Around 11:30 a.m. on Oct. 28, police received a “rather bizarre call” from employees at the Hampton Inn in St. Louis, Missouri. The moment that their alleged captors briefly left them alone, two Florida women reportedly informed hotel staff that they had been kidnapped.
The kidnapped women – ages 21 and 36 – informed police that they had been hired for a “moving job” in Florida. However, the abductees claim that over the span of 10 days that their kidnappers transported them from Florida to Atlanta, Georgia, and then to St. Louis.
“It wasn’t until they wound up in the area of Atlanta, Georgia, that they were told they weren’t going to be allowed to leave. They were then driven from the area of Atlanta to St. Louis, where they were checked into this hotel. They were kept with three suspects,” said Sgt. Charles Wall – spokesperson for the St. Louis Metropolitan Police Department.
KTVI reported that the women were “frightened about what might be next” after arriving in St. Louis.
St. Louis police responded to the kidnapping call from the hotel workers and arrested one of the three suspects.
Nikki Rebarcak, 41, was arrested when she returned to the Hampton Inn. Rebarcak was reportedly charged with two counts of felony kidnapping.

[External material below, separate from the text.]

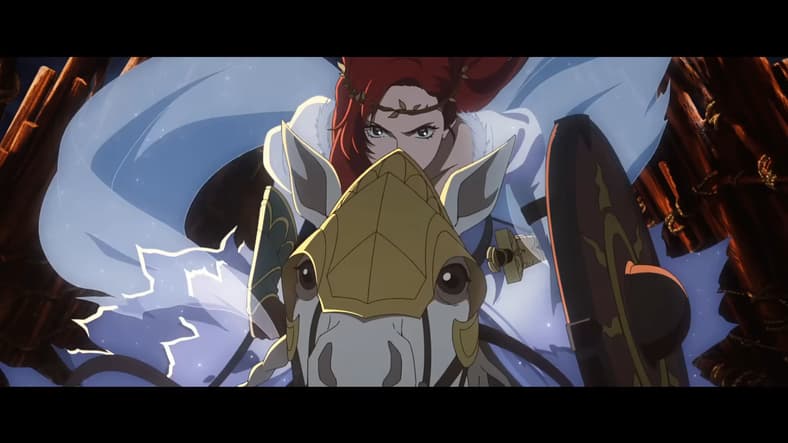 Hèra (Gaia Wise) rides into battle in The Lord of the Rings: The War of the Rohirrim (2024), Warner Bros. Animation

The two other suspects fled the purported crime scene.
However, Judge Elizabeth Hogan reportedly released Rebarcak from jail on her own recognizance despite being charged with two felonies.

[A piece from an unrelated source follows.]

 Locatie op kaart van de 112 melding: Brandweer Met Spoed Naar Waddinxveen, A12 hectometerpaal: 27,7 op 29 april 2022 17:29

“It is often very hard to prosecute these traffickers because they hide behind, ‘Well, I had a legitimate business,'” Hawley told KTVI. “You can’t quite prove kidnapping, so you’ve got to get me on something else. They intimidate their victims.”
Police said an investigation is ongoing. One of the suspects who escaped has been identified and law enforcement has been attempting to locate the alleged human trafficker.
Sgt. Wall said investigators will contact other law enforcement agencies to determine if the kidnapping is part of a larger human trafficking ring.
“If (the suspects) have similar types of involvement with other agencies out of state, across the country, other similar incidents, those are all key indicators to get you to look at maybe some type of ring involved in this type of activity,” Sgt. Wall explained.